Some idiot set a shopvac on fire this evening. There was a bit on the router that still had a few turns left. I... I mean this guy was just cutting some speaker rings out of 3/4" plywood and vacuumed up the area as he worked. He was redesigning some Jeep doorpanels for my competition component speakers, since I didn't like the ones I just built out of fiberglass. He was almost through when he went to suck up the router dust. He was thinking to himself _"Gee, this hose gets really static-y. Perhaps it should be grounded better to avoid fires."_ He cut the piece he ended with - the bit was just too dull and gave some chip-out near the end of the cut._ "Well, that's it - time to get a new bit." _He went to clean up the dust and quit for the day, and that's when it happened...the smoke bellowed out of the vacuum like a riceburner with a blown engine.
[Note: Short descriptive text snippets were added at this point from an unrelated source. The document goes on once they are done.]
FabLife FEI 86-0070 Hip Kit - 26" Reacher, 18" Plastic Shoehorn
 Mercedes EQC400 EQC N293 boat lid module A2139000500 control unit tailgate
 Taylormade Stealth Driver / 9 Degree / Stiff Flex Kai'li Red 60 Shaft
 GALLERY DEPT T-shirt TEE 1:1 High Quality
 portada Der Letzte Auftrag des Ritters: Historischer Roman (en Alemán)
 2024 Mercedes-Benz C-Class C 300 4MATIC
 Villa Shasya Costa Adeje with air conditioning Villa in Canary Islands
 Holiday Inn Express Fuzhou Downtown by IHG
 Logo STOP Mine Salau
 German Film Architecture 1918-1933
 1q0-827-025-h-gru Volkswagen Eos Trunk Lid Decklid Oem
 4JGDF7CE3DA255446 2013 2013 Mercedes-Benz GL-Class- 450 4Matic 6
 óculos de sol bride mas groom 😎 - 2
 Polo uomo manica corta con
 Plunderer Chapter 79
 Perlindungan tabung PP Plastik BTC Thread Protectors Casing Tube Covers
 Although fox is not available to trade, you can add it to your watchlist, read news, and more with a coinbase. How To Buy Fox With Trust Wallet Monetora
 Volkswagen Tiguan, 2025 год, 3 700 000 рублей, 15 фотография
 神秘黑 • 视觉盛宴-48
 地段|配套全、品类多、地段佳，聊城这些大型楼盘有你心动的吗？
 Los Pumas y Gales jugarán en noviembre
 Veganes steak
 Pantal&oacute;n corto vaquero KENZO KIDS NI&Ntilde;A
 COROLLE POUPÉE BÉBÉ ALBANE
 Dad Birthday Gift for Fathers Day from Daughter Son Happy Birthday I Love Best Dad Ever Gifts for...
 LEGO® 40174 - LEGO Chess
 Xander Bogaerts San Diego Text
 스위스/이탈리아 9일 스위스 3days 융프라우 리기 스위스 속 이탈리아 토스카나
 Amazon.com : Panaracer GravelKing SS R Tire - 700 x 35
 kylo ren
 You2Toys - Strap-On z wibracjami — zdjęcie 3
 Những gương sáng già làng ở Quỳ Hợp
I turned the power off and took the vac outside the shop. There was smoke so thick I couldn't see. The filter was smoldering and the motor was fueling the fire. So in addition to new, sharp cutting bits, "somebody" has to buy a new filter too. The shopvac lived and the filter got drowned in a bucket of water.

:yes:

What did we learn?

Don't use dull tools.

Make sure your dust piles aren't harboring any live embers.

Always keep your shop clean and vacuum up burning embers so that you don't leave and have the shop and/or house burn down. :no:

Don't let this dummy work too hard at home after he's had a long day at work!


----------



## Mr Chips (Mar 23, 2008)

My neighbor has a wood burning fire place that they rarely use. They lit a fire on friday night and on sunday afternoon the husband uses the shop vac to clean the ash. Vac gets put in garage, they wake up to firemen pounding on the door early monday morning as half the garage burned up. Luckily another neighbor was taking his dog out for a late night walk, saw the flames, called 911. Fire Dept was on the scene before the smoke alarms ever went off.

Nobody hurt ( thank god), now most everybody in my neighborhood (including me) now has smoke detectors in our garages


----------